3. Task. Some aspects of the task deserve further description and discussion. In the first phase, the sequential presentation of the two choice-stimuli invites questions about temporal order biases, both in terms of the initial choice and in terms of the subsequent sampling (how do decision weights change across time). Do people show a choice and a sampling bias toward the first (or last) presented alternative? The confirmation bias effect could occur spuriously if, say, people tend to choose the early alternative and tend to also sample from the early presented alternative due to having forgotten that information (e.g., because of a temporal leak in evidence accumulation). In the second phase, highlighting the chosen alternative with a green arrow could bias the subsequent post-choice sampling towards the chosen alternative (and thus explain part of the observed effect). The authors should either mention this possibility, or state why it is unlikely to drive the observed effect.

We thank the reviewer for pointing out that some aspects of the task were not described and discussed in sufficient detail. We have now rewritten several sections of the manuscript to improve clarity.

First of all, the reviewer rightly points out that presentation order in the first choice phase may bias sampling in the second phase. To rule out this possibility, we performed a hierarchical linear regression analysis predicting Sampling Time Difference (left – right sampling time) using the first presented item (left = 1; right = 0) as a predictor, together with the Difference in Dots (left – right). Since we had available the sequence of item presentation only for our trials in experiment 2, we only show the results for these data. We did not find a significant effect of first item on sampling, in neither the free or fixed condition. Note that, since we only presented each stimulus to the participant once before the first choice phase, we do not include ‘Last item’ as a predictor since it would be correlated with ‘First Item’. For the fixed sampling condition, we are again using the actual gaze time, not the presentation time.

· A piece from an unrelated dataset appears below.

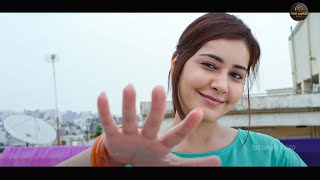 Rashikhannaquot Hindi Dubbed Romantic Movie Full HD 1080p  NagaShourya  South Movie [upl. by Selrahc]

The second part of the reviewer’s comment pertains to sampling phase and the presence of markers on the chosen option. The reviewer correctly points out that this might have interacted with the post-choice sampling phase. We want to clarify that this was a compromise that we reached during the design of the study. Our aim was to minimise memory load, because we were worried that differences in working memory could create a more serious confound in our task. We think it is highly unlikely that these markers can explain away all our effects, since, for example, one would imagine that such low-level visual bias would not be modulated parametrically by factors such as confidence in the first sampling phase and strength of evidence. However, we agree that this should be discussed in the text. In the revised version, we now acknowledge the possibility that these markers may have interacted with sampling and describe the above analysis of presentation order as follows (line 313):

“… The sequential order of presentation in the initial sampling phase before the first choice might also be expected to affect sampling. To exclude this possibility we performed a regression analysis predicting sampling time difference as a function of presentation order in experiment 2 and found no effect (Figure 4—figure supplement 9; t49.65=0.08, p=0.93). It’s also important to note that the stimulus chosen in the first choice phase was highlighted throughout the trial. This was done to reduce the likelihood of working memory being a confound on this task, but we recognise the possibility that it may have interacted with the main effect of choice on sampling. …”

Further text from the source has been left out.